Material supplied:
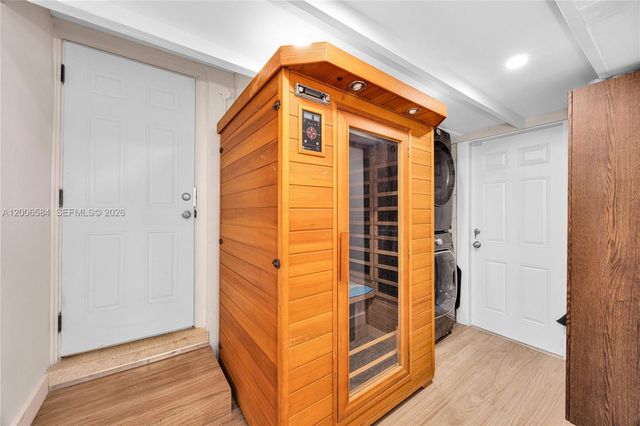 5750 SW 52nd Ter, South Miami, FL 33155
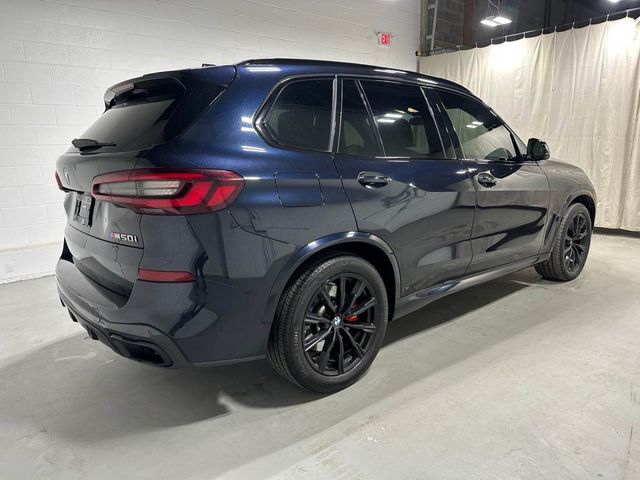 2022 BMW X5 M50i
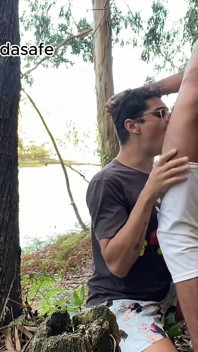 Lo Dò a Uno Sconosciuto Che Ho Trovato Nel Bosco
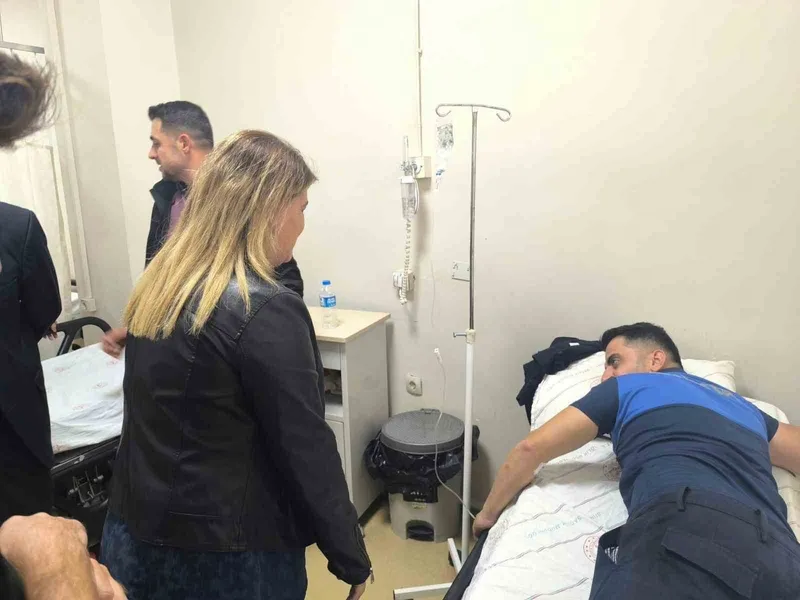 Siirt’te zabıta memuru bıçaklandı
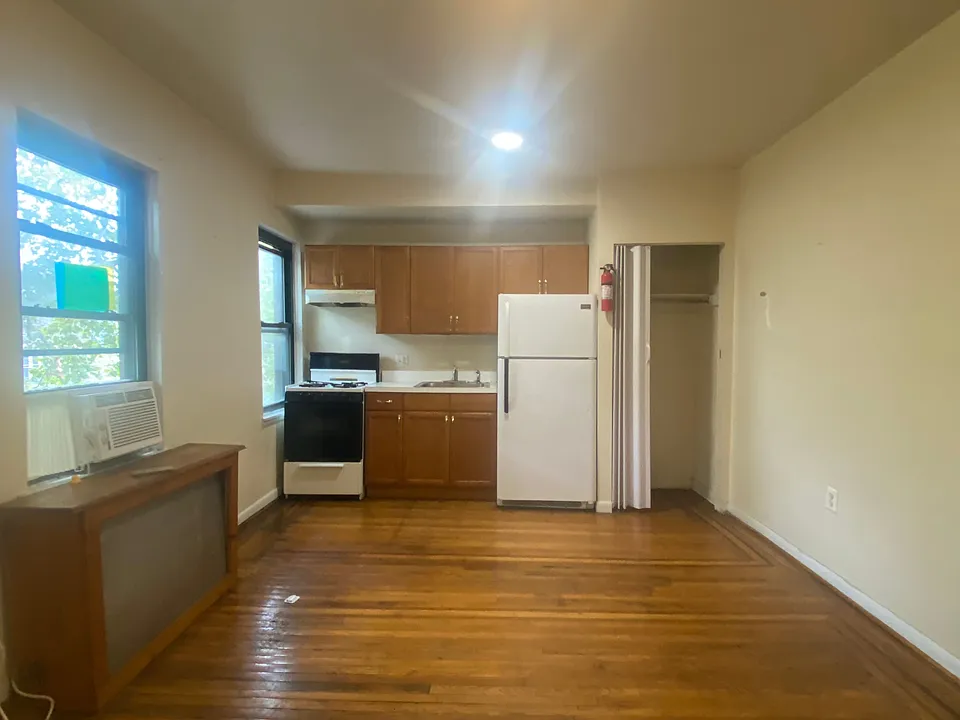 4204 Baltimore Ave #3F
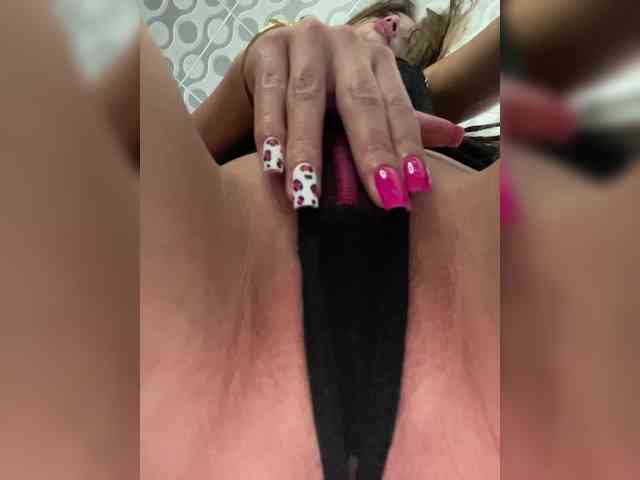 nude amateur online DELVIE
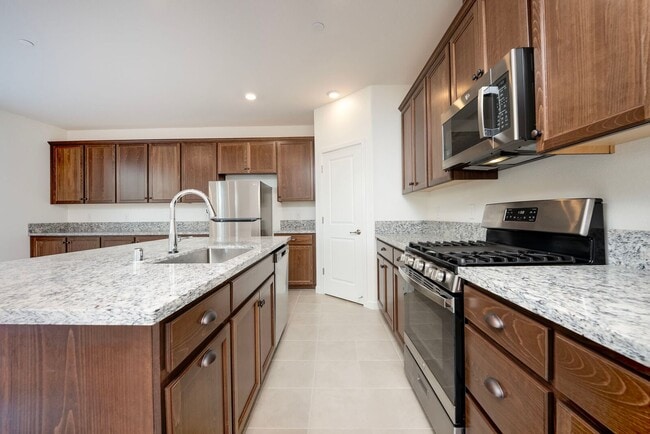 Building Photo - 4798 Tilly Dr
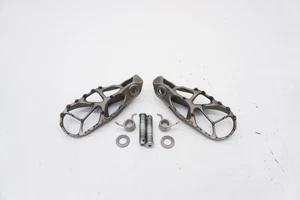 2024 Husqvarna FC250 estriberas OEM estriberas clavija FC FX SXF XC-F SX 125-450 23-25 - Imagen 1 de 12
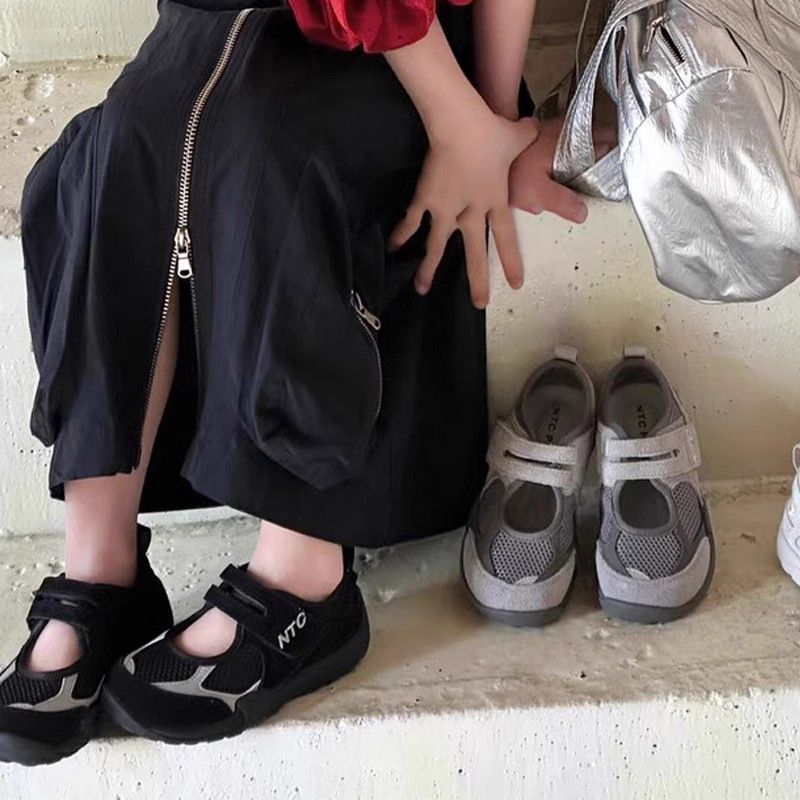 Dječje sportske sandale, unisex, lagane, outdoor, s Velcro zatvaranjem, gumeni potplat, ljeto 2025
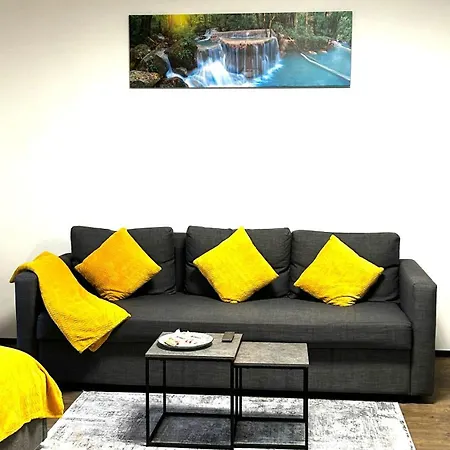 Zentrales Mit Balkon Apartmán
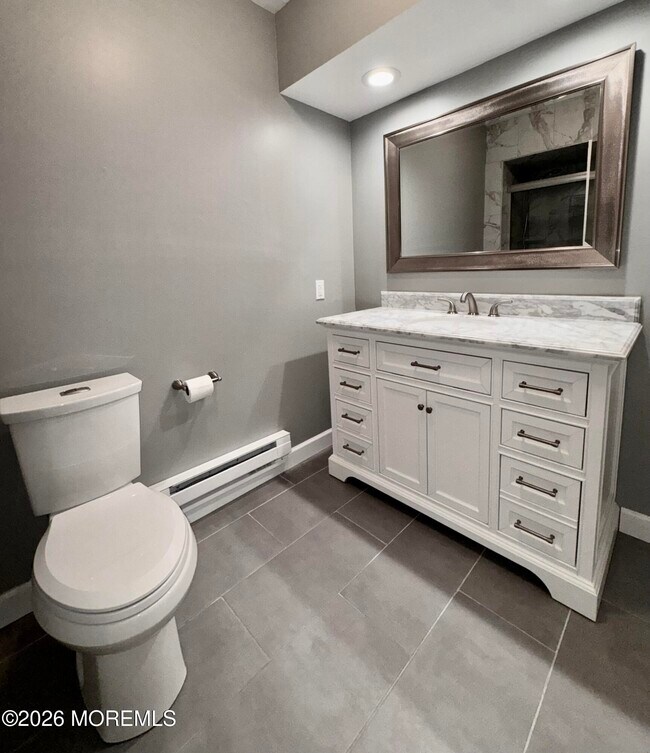 Building Photo - 119 Amberly Dr
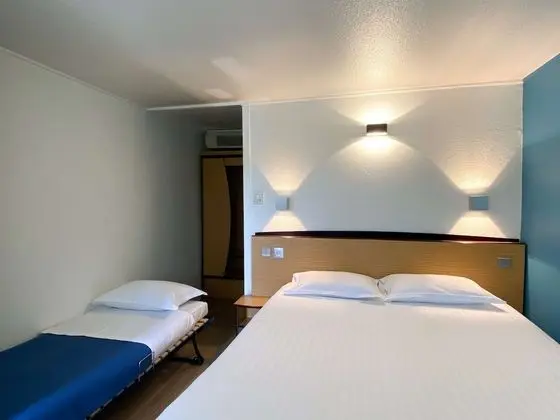 Standard Oda, Birden Çok Yatak (with double bed & extra bed)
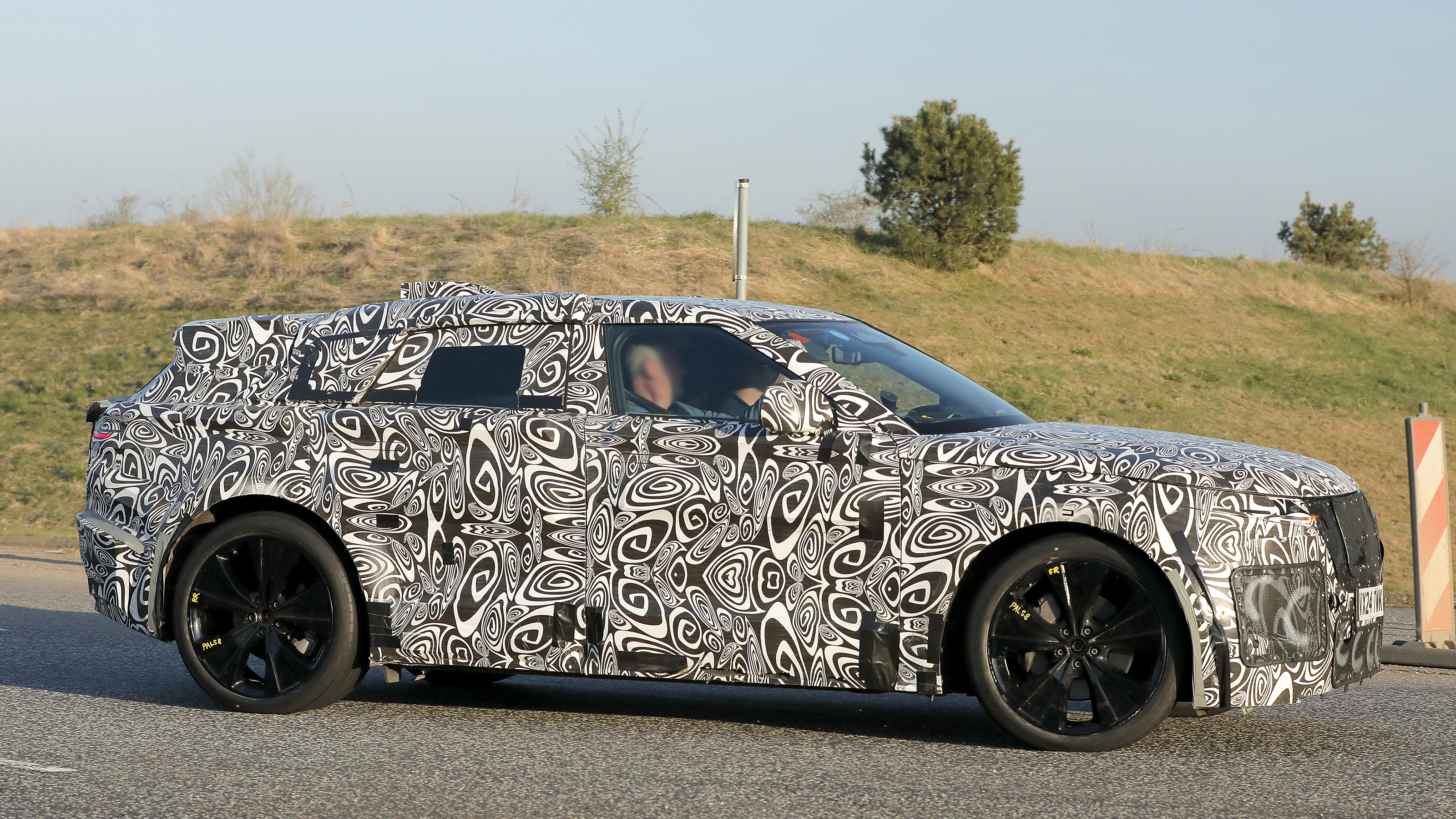 Range Rover Velar EV - spyshot 2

Exercise: If pictures are present, they are dropped, and the entries above are written out word for word.

Finished exercise:
 5750 SW 52nd Ter, South Miami, FL 33155
 2022 BMW X5 M50i
 Lo Dò a Uno Sconosciuto Che Ho Trovato Nel Bosco
 Siirt’te zabıta memuru bıçaklandı
 4204 Baltimore Ave #3F
 nude amateur online DELVIE
 Building Photo - 4798 Tilly Dr
 2024 Husqvarna FC250 estriberas OEM estriberas clavija FC FX SXF XC-F SX 125-450 23-25 - Imagen 1 de 12
 Dječje sportske sandale, unisex, lagane, outdoor, s Velcro zatvaranjem, gumeni potplat, ljeto 2025
 Zentrales Mit Balkon Apartmán
 Building Photo - 119 Amberly Dr
 Standard Oda, Birden Çok Yatak (with double bed & extra bed)
 Range Rover Velar EV - spyshot 2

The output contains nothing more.